***** DATA PROVIDED *****
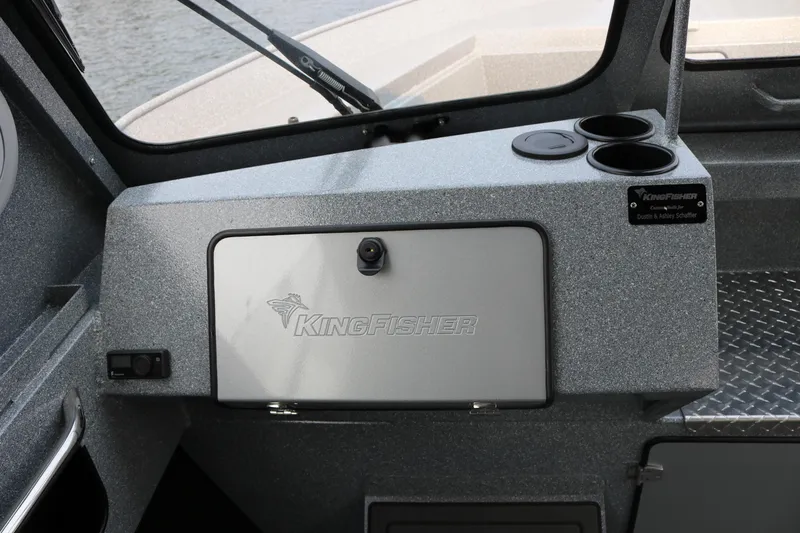 Slide: The Image of Interior view of 2026 KingFisher 2425 Escape HT boat, featuring storage compartment and cup holders. - 9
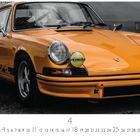 "Porsche Carrera RS" und "CIBIE" auf gelben Scheinwerfern. Ein klassisches, orangefarbenes Auto von vorn.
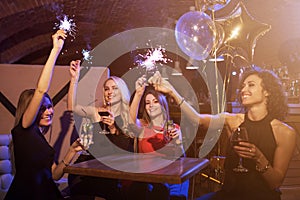 Group of female friends enjoying birthday party having fun with firework sparklers drinking alcoholic cocktails sitting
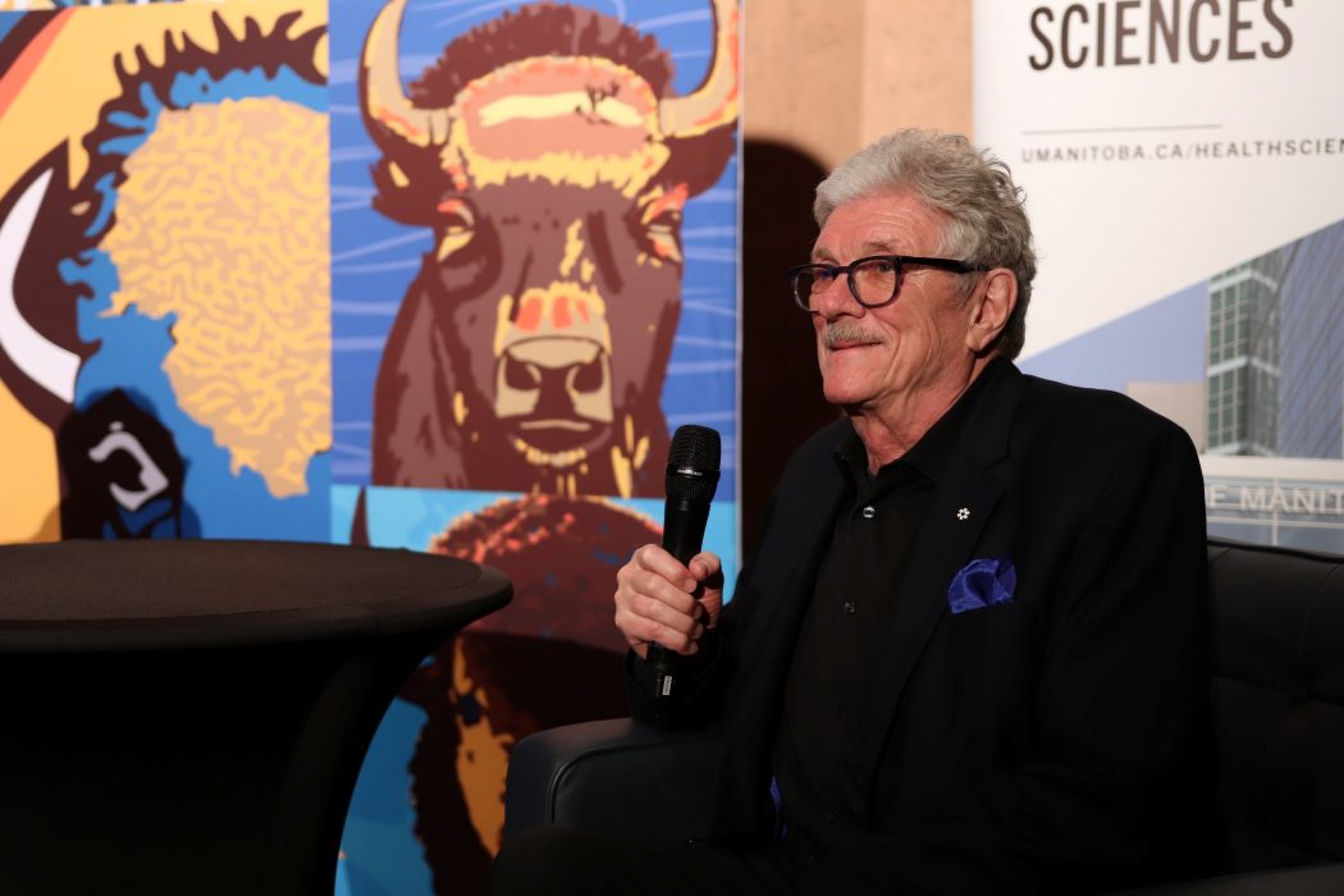 One person is seated and is holding a microphone. 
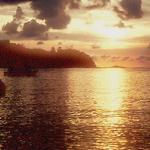Sun sets over the waters of the bay at the popular Pantai Pasir Bogak.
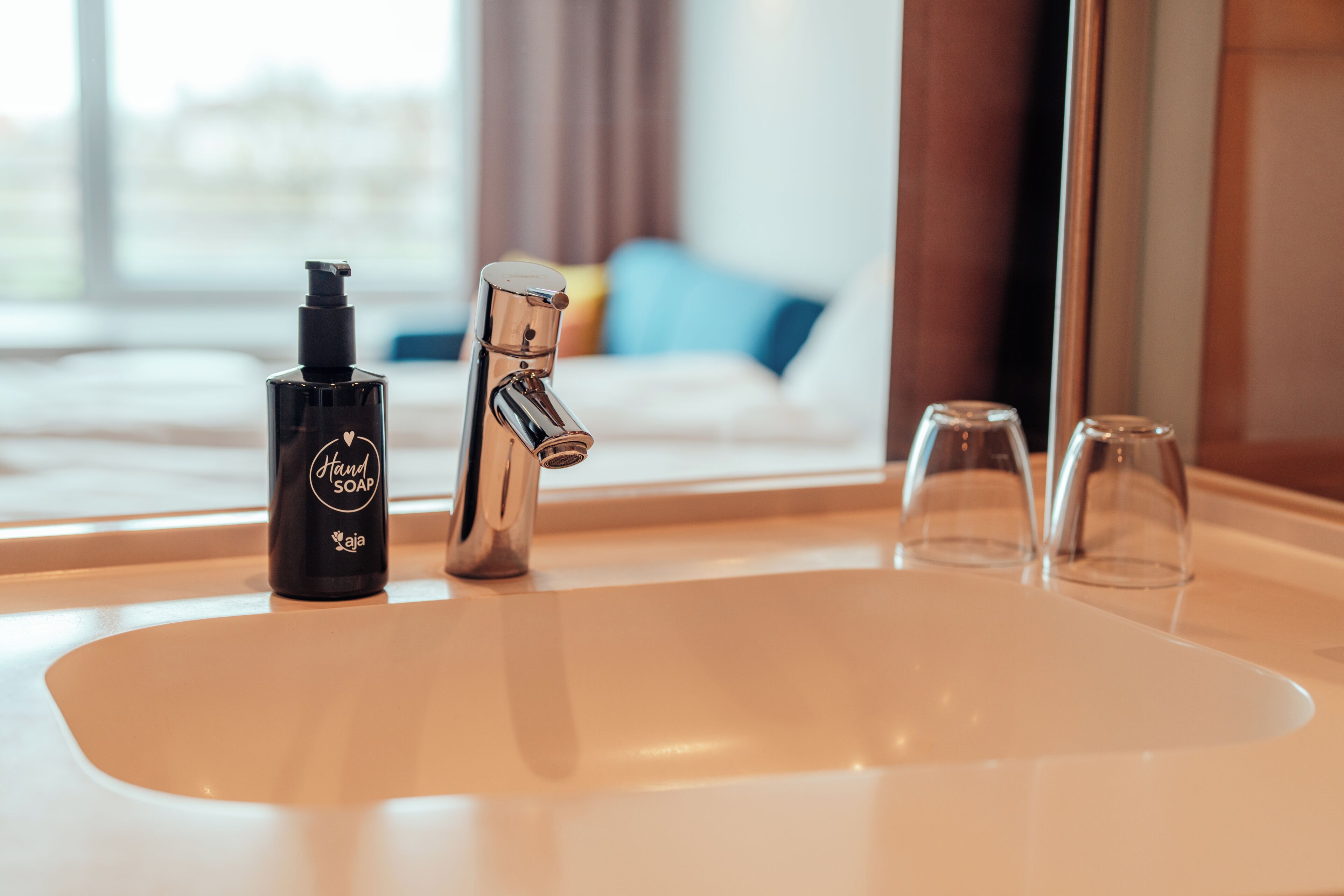 Un lavabo de salle de bain avec un distributeur de savon liquide, un robinet et deux verres.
*****
→ **TASK OBJECTIVE**: Word for word, give the data above again, without any images.

→ **TASK RESULT**:
 Slide: The Image of Interior view of 2026 KingFisher 2425 Escape HT boat, featuring storage compartment and cup holders. - 9
 "Porsche Carrera RS" und "CIBIE" auf gelben Scheinwerfern. Ein klassisches, orangefarbenes Auto von vorn.
 Group of female friends enjoying birthday party having fun with firework sparklers drinking alcoholic cocktails sitting
 One person is seated and is holding a microphone. 
Sun sets over the waters of the bay at the popular Pantai Pasir Bogak.
 Un lavabo de salle de bain avec un distributeur de savon liquide, un robinet et deux verres.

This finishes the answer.